====== Available data ======

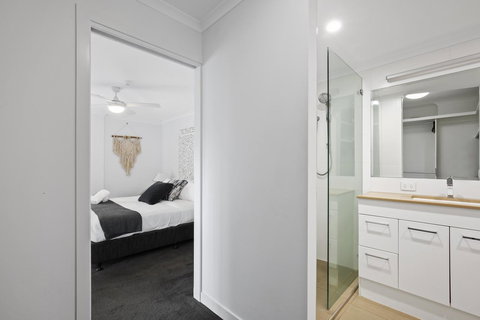 Narrowneck Court Holiday Apartments - Tourism Brisbane 14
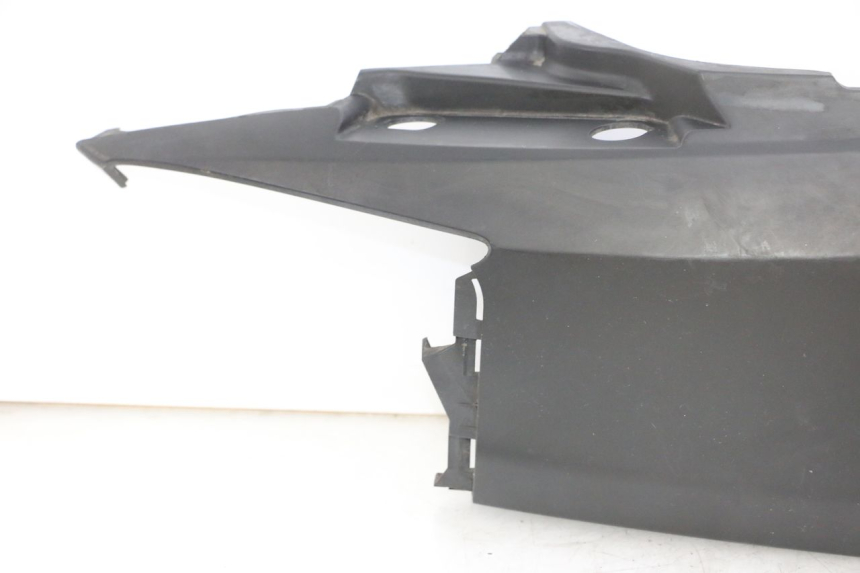 photo de CARENADO TRASERO DERECHA SUZUKI BURGMAN 125 (2007 - 2014)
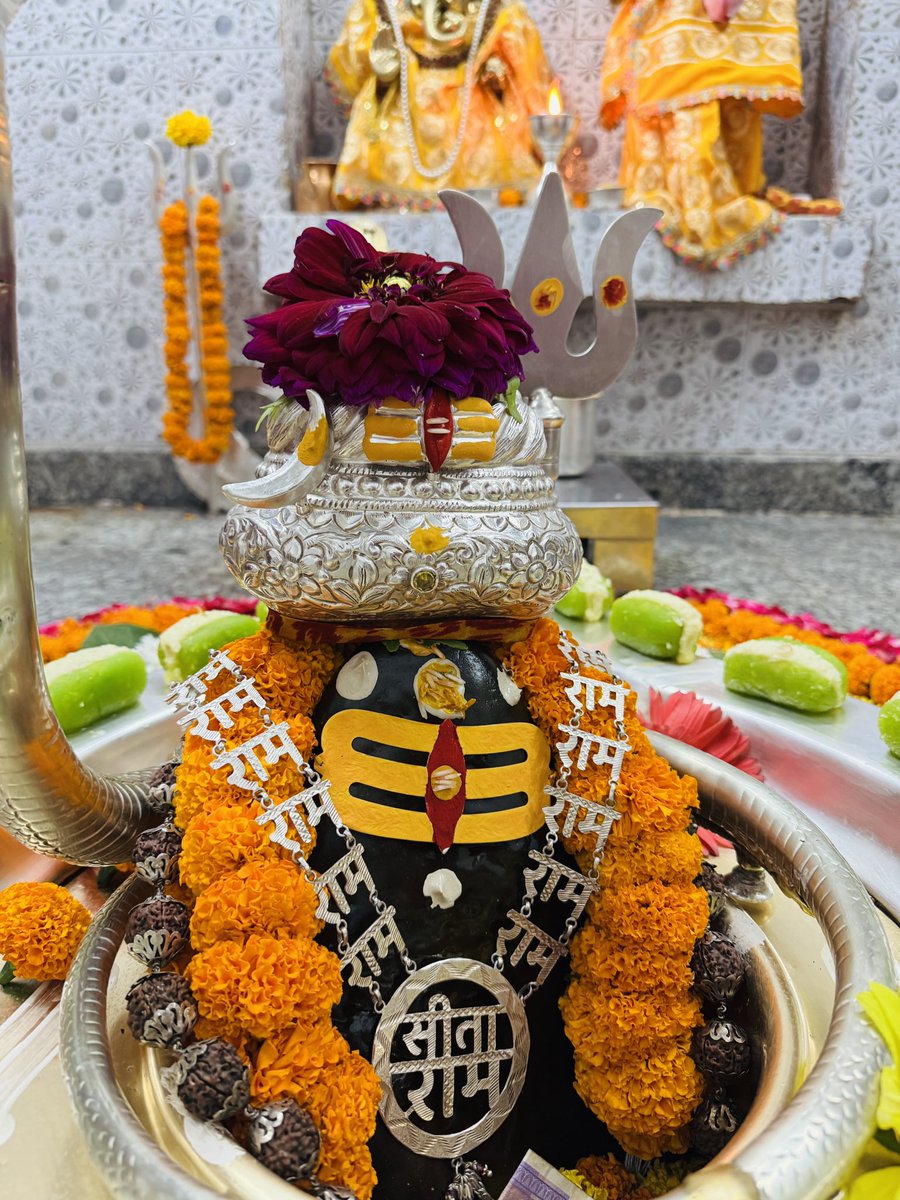 neelkanthtemple's tweet photo. शुभ रात्रि श्री नीलकंठ महादेव जी

📍 श्री नीलकंठ महादेव मंदिर उत्तराखंड https://t.co/X7dBV9fAnQ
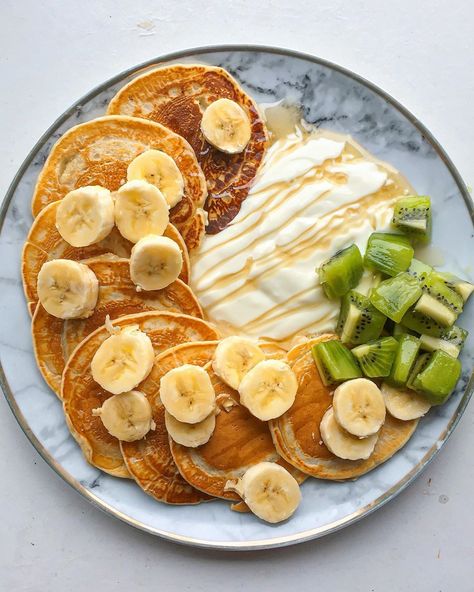 Brunch Vegan, Vegan Pancake Recipes, Coconut Yoghurt, Vegan Pancakes, Go To Work, Weekend Brunch, Pancake Recipe, Time To Celebrate, The Weekend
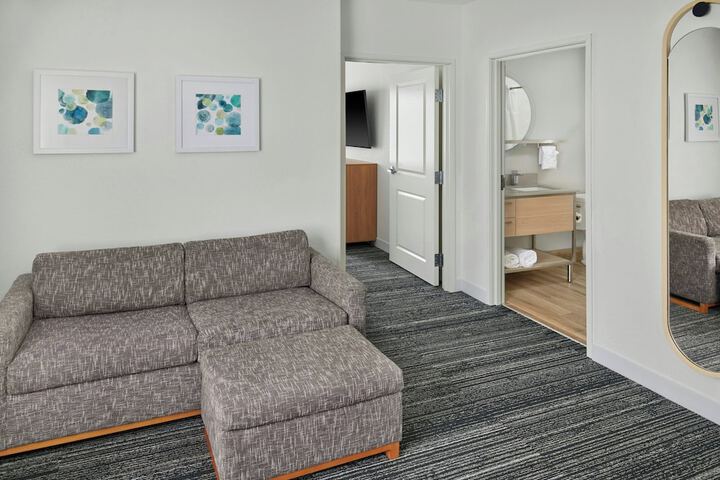 Room 17 of 34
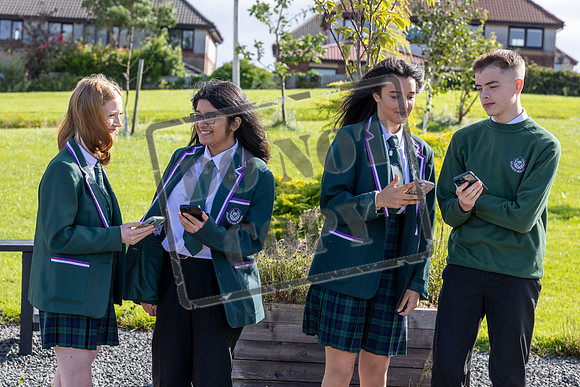 East Renfrewshire Council School Exam Results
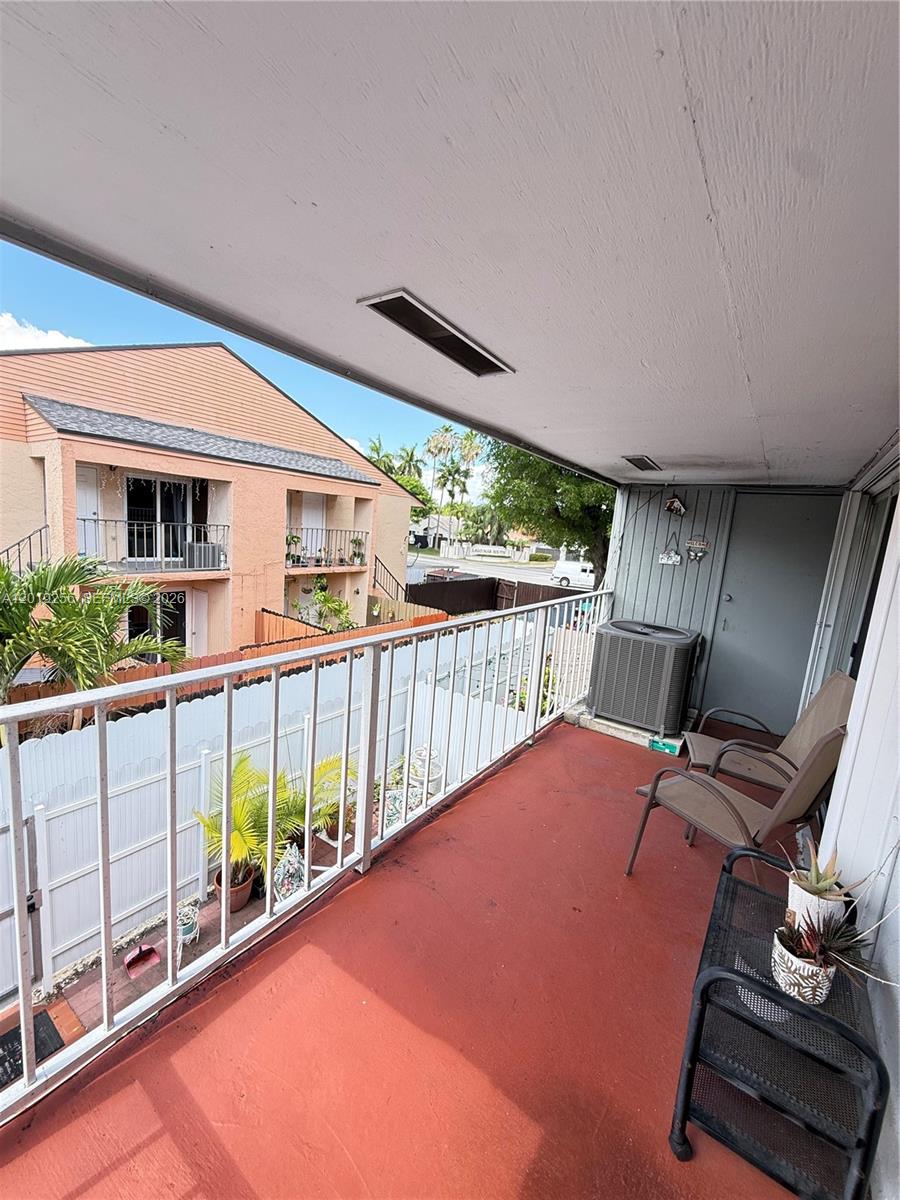 SOUTH LAKE VILLAS CONDO - Residential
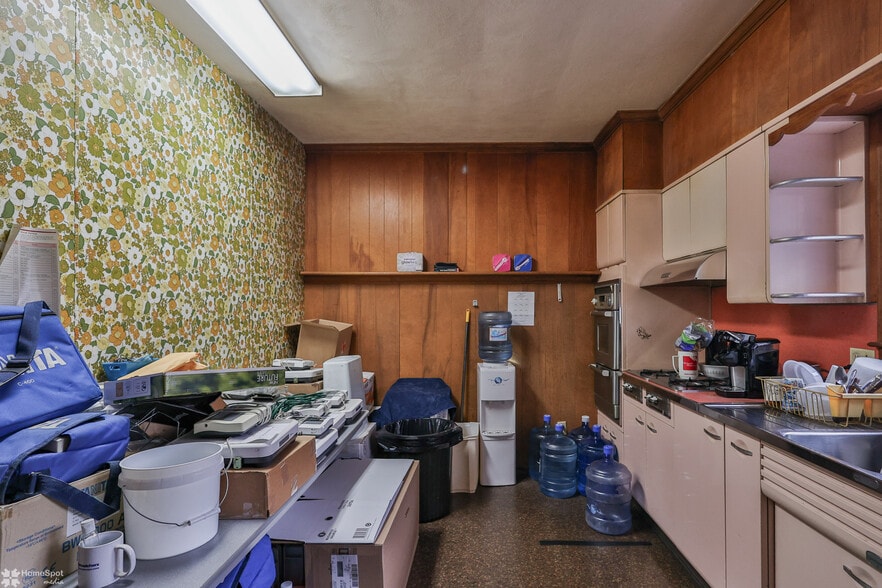 More Photos Of 419-437 W Emaus ave, Allentown General Retail For Sale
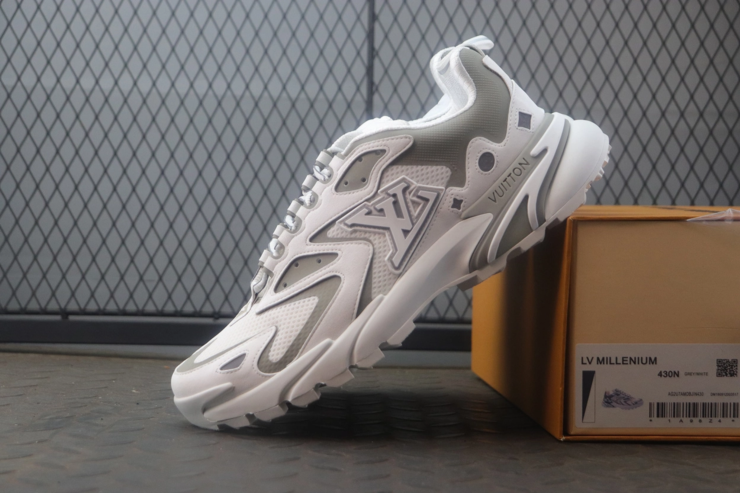 루이비통 러너 태틱 스니커즈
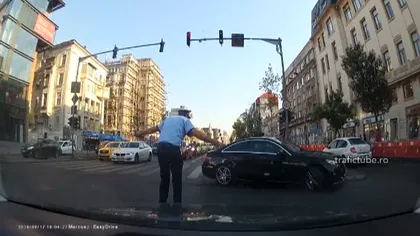 REACŢIA INCREDIBILĂ a unui poliţist rutier în trafic VIDEO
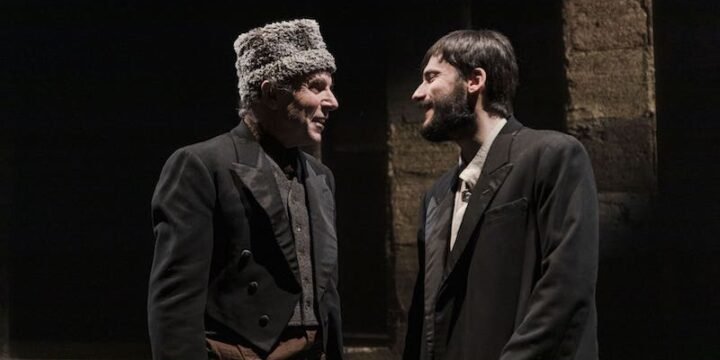 Mario Sala e Antonio Gargiulo nello spettacolo "Il delitto Karamazov". Foto di Stefano Garella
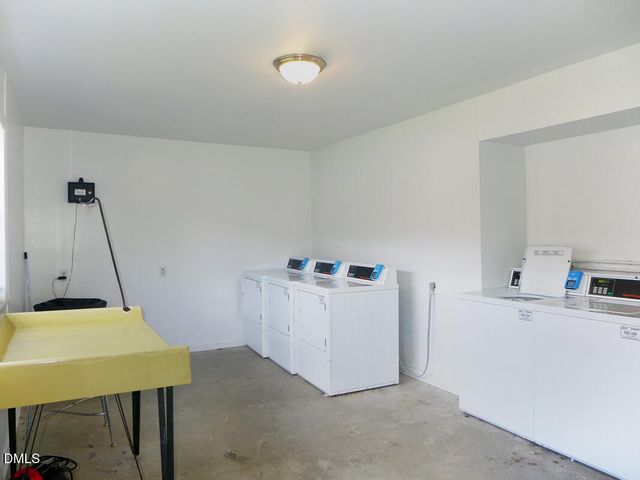 400 Davie Road 8, Carrboro, NC 27510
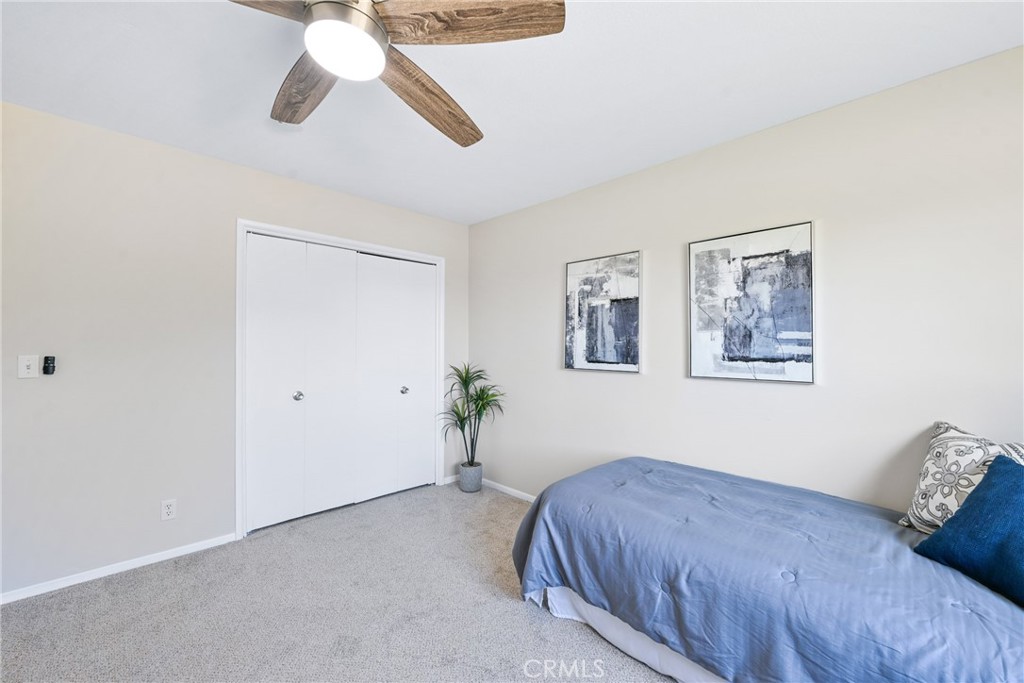 5642 Casa Loma Avenue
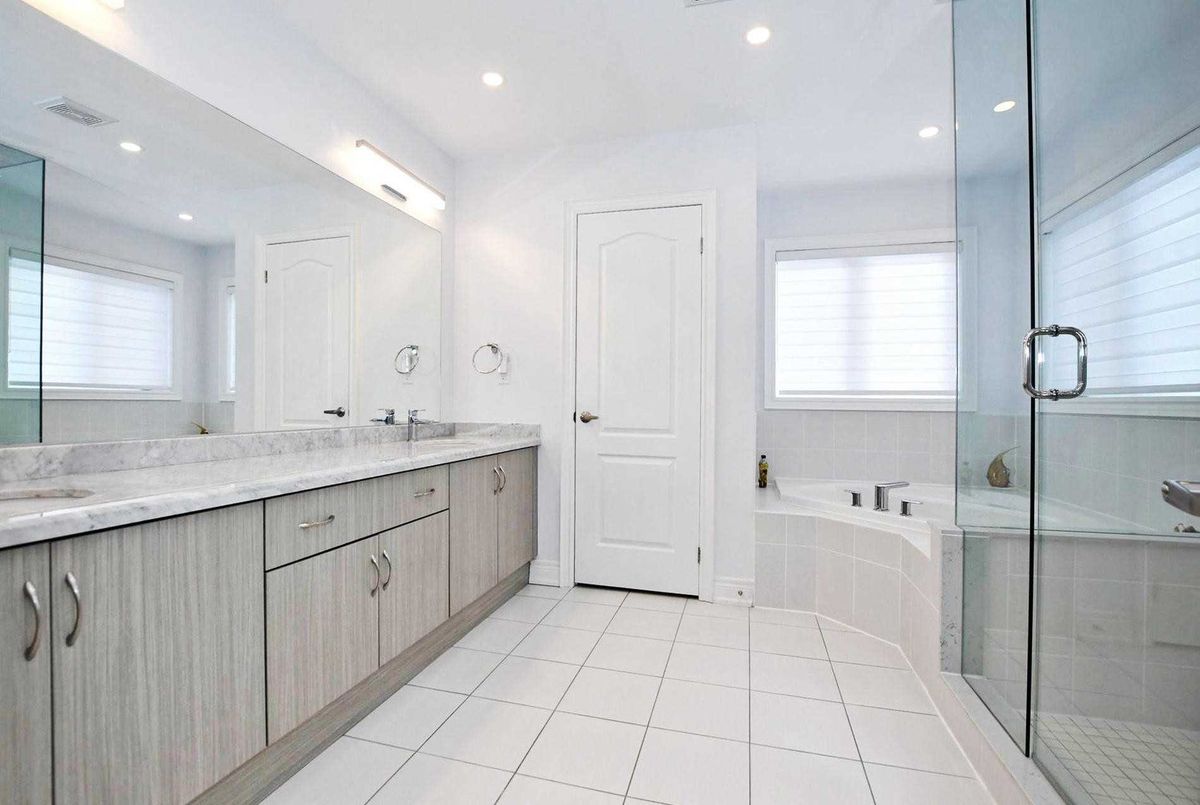572 Somerville Dr 572 Somerville Dr Newmarket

======

Work to complete:
Copy exactly and only this span: the line with "SOUTH LAKE VILLAS CONDO - Residential" through the final line of the entries, both ends included, with the pictures left out.

Solution for this problem:
 SOUTH LAKE VILLAS CONDO - Residential
 More Photos Of 419-437 W Emaus ave, Allentown General Retail For Sale
 루이비통 러너 태틱 스니커즈
 REACŢIA INCREDIBILĂ a unui poliţist rutier în trafic VIDEO
 Mario Sala e Antonio Gargiulo nello spettacolo "Il delitto Karamazov". Foto di Stefano Garella
 400 Davie Road 8, Carrboro, NC 27510
 5642 Casa Loma Avenue
572 Somerville Dr 572 Somerville Dr Newmarket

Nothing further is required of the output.